Likewise, running multiple clients on larger database clusters generally increases uptime and provides slack for bursts and spikes.

These changes only impact response times when the single tenant setup would have been overwhelmed.  The minimum response times don’t change, but the maximum response times get lower and occur less frequently.

Consistent Performance

The flip side to the tenancy change is the introduction of the Noisy Neighbor problem.  This mostly impacts the database layer and occurs when large clients overwhelm the database servers and drown out resources for smaller clients.

This can be especially frustrating to clients because it can happen at any time, last for an unknown period, and there’s no warning or notification.  Things “get slow” and there are no guarantees about how often clients are impacted, notice, or complain.

Synergy

There is no direct Synergy impact from changing the web and database servers.

A SaaS starting from a pure Single Tenant model is not pursuing Synergy, otherwise the initial model would have been Multi-Tenant.

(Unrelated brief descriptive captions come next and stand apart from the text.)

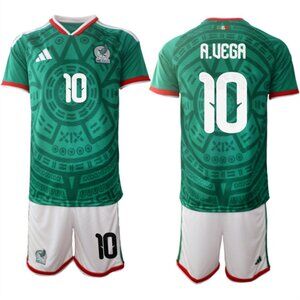 Alexis Vega Green 2026 WC Soccer Jersey Suit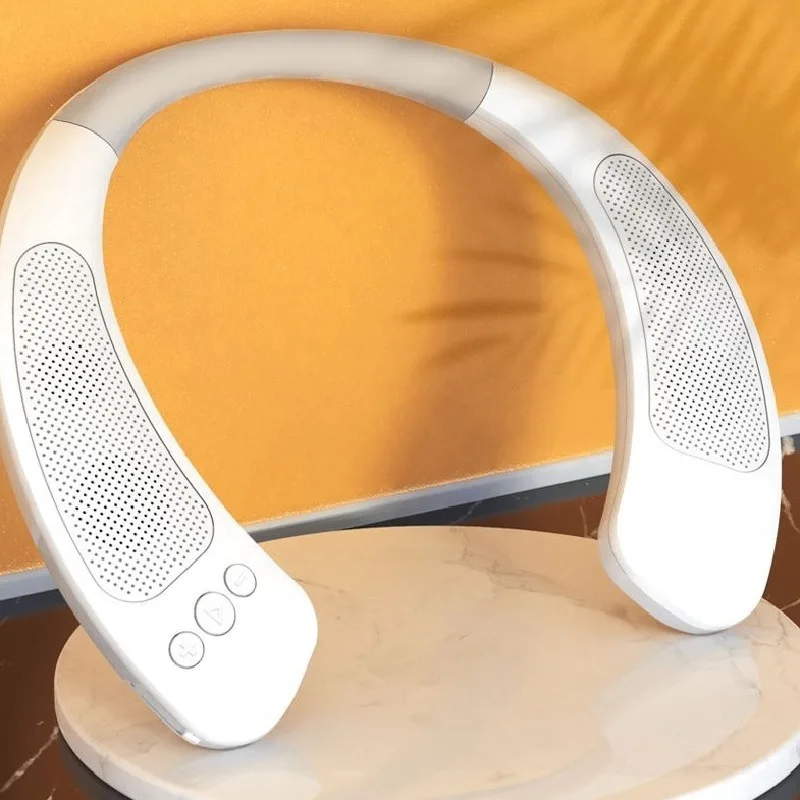 

Bluetooth Speaker Neck Wireless Carries A Small Stereo To Wear Bass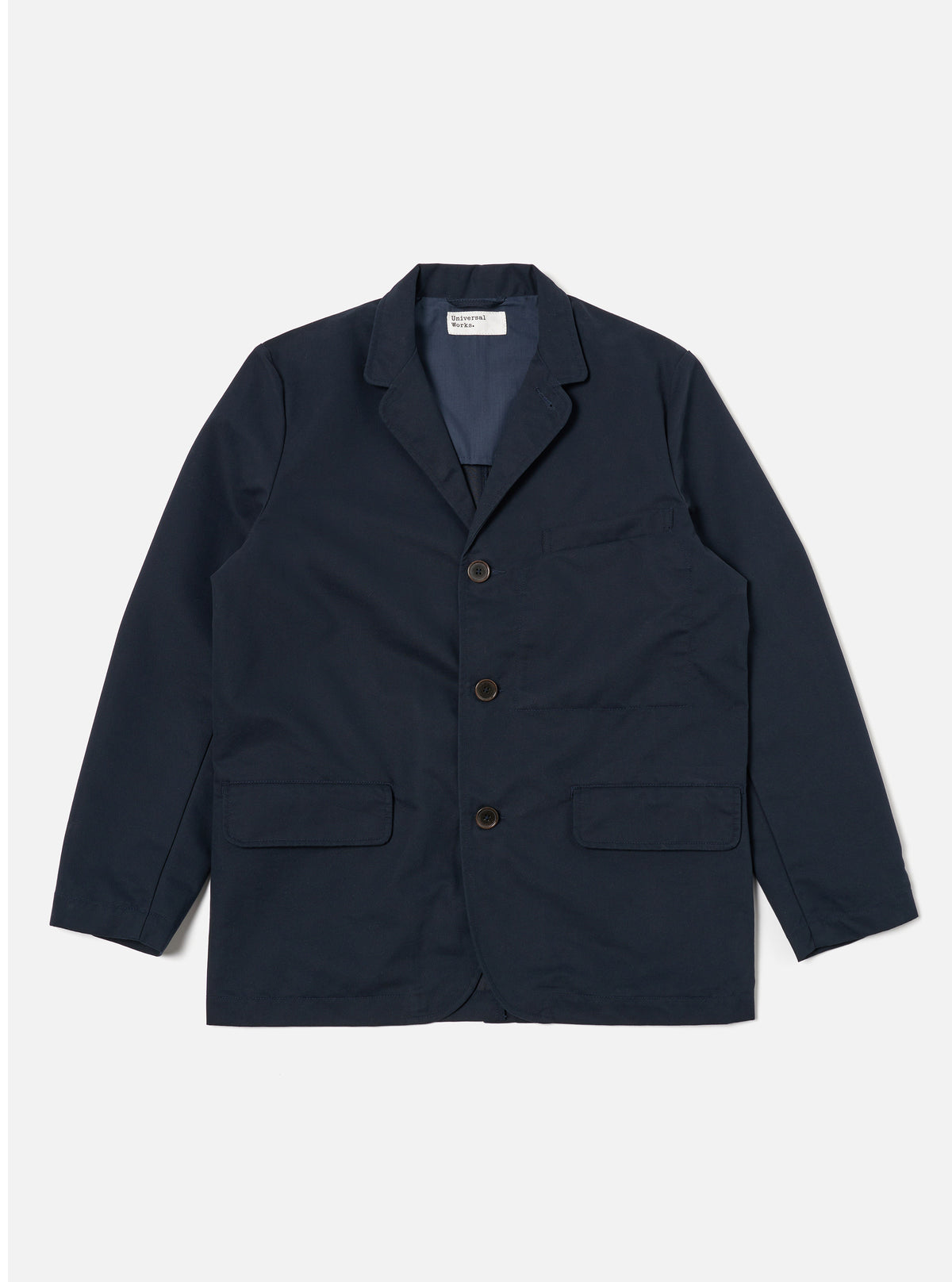 Universal Works Capitol Jacket in Navy Brushed Polytech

Placing distinct client schemas onto a single server does open the door to future Synergy work.  Working with data in SQL across different schemas on the same server is much easier than working across physical servers.  The work would still require changing the security model and writing quite a bit of code.  There is now a doorway if the SaaS has a reason to walk through.

Conclusion

As discussed in the introduction, a SaaS may begin with a purely Single Tenant model for several reasons.  High infrastructure bills and poor resource utilization will quickly drive an Infrastructure Consolidation to Multi-Tenant servers and logically separated databases.

The exceptions to this rule are SaaS that have few very large clients or clients with high security requirements.  These SaaS will have to price and market themselves accordingly.

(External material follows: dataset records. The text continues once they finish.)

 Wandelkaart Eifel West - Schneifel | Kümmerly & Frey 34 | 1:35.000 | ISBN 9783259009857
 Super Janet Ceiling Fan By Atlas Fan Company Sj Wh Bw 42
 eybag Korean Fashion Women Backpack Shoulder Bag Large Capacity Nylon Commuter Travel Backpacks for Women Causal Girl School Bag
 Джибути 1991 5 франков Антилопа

Infrastructure Consolidation is an early driver away from a pure Single Tenant model to Multi-Tenancy. The change is mostly positive for clients, but does add additional security and client satisfaction risks.

If you are enjoying this series, please subscribe to my mailing list so that you don’t miss an installment!

Tenancy Models – Intro Addendum

In the first post on Saas Tenancy Models, I introduced the two idealized models - Single and Multi-Tenant.  Many SaaS companies start off as Single Tenant by default, rather than strategy, and migrate towards increasingly multi-tenant models under the influence of 4 main factors - complexity, security, scalability, and consistent performance.

After publishing, I realized that I left out an important fifth factor, synergy.

Synergy

In the context of this series, synergy is the increased value to the client as a result of mixing the client’s data with other clients.  A SaaS may even become a platform if the synergies become more valuable to the clients than the original service.  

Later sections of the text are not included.